I wouldnt even care who would win, there both my top 2 favorite fighters... if Fedor would lose to anyone, definitely no shame in Losing to Crocop, but if Fedor did when, then there would be no shame for Crocop losing to the Best


----------



## Split (Sep 28, 2006)

Im tired of seeing ppl posting fights that arent happening or in a near future... every1 knows cro cop is not fedor's next fight.. 
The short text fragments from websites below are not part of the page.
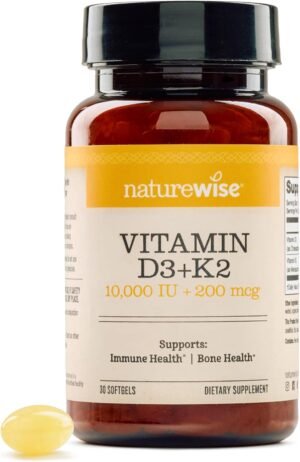 NatureWise Vitamin D3 10,000 IU Plu...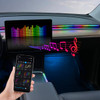 Car LED Ambient Light USB 64 Colors Acrylic Strips 110cm Full Colors RGB Car Interior Hidden App Remote Control Atmosphere Lamp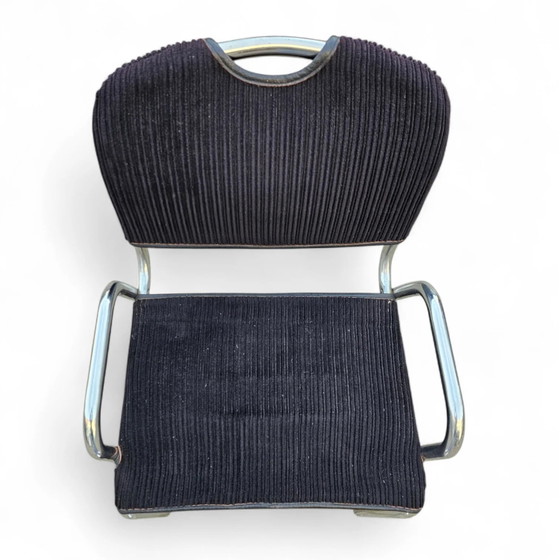 4 x black upholstery Castiglietta dining Chairs by Castiglioni for Zanotta / Italy 1960s (photo 20 of 26)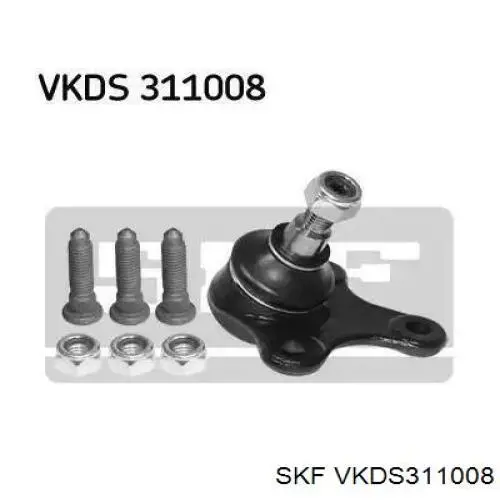 VKDS311008 SKF кульова опора, нижня, ліва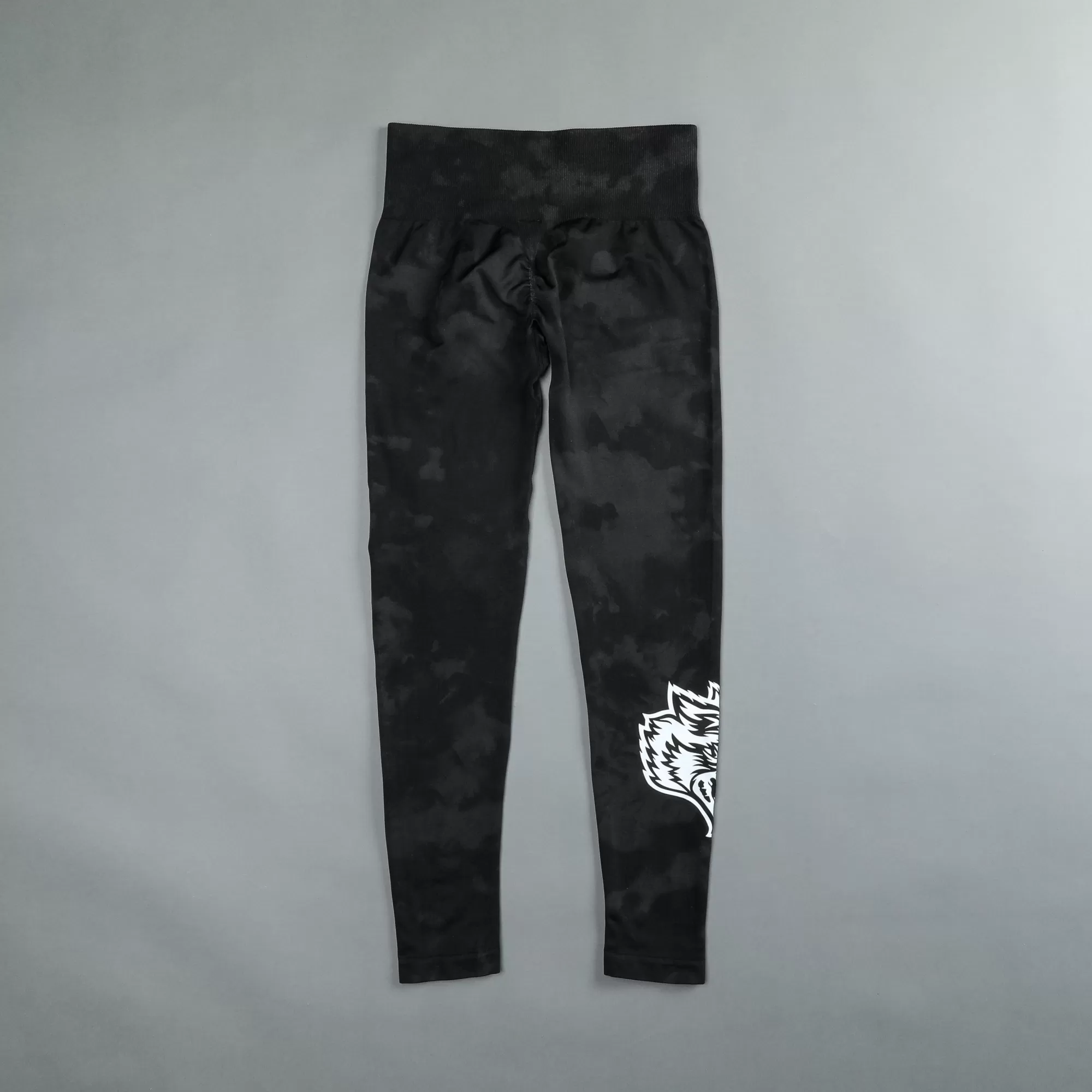Store Big Wolf Loyalty "Everson Scrunch" Leggings In Tonal Black Jumbo Marble Women Bottoms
anyways this isnt related to this thread in particular, but couldnt there be a freaking "speculating fights section" or something, so ppl stop posting threads like "Fedor vs Hulk?" or "Fedor vs rickson gracie" or "Bruce Lee vs any1" ... its getting ridiculous.. again, this isnt pointed at this thread in particular, as it has a bit more credibility than the others mentionned. Even the "Silva vs Liddell" threads should be put in a different section.


----------



## Kameleon (Apr 20, 2006)

*CroCop by KO in the 2nd Round. Fedor is a beast and the only one who can beat him is CroCop so when this fight happens, Mirko will be the HW Champ. :thumbsup: *


----------



## jdun11 (Apr 23, 2006)

Kameleon said:


> *CroCop by KO in the 2nd Round. Fedor is a beast and the only one who can beat him is CroCop so when this fight happens, Mirko will be the HW Champ. :thumbsup: *


wont happen :thumbsdown:


----------



## Yeti (Oct 21, 2006)

Crap! Reading the title I thought that the fight had been announced


----------



## asskicker (Aug 27, 2006)

Split said:


> Im tired of seeing ppl posting fights that arent happening or in a near future... every1 knows cro cop is not fedor's next fight..
> 
> anyways this isnt related to this thread in particular, but couldnt there be a freaking "speculating fights section" or something, so ppl stop posting threads like "Fedor vs Hulk?" or "Fedor vs rickson gracie" or "Bruce Lee vs any1" ... its getting ridiculous.. again, this isnt pointed at this thread in particular, as it has a bit more credibility than the others mentionned. Even the "Silva vs Liddell" threads should be put in a different section.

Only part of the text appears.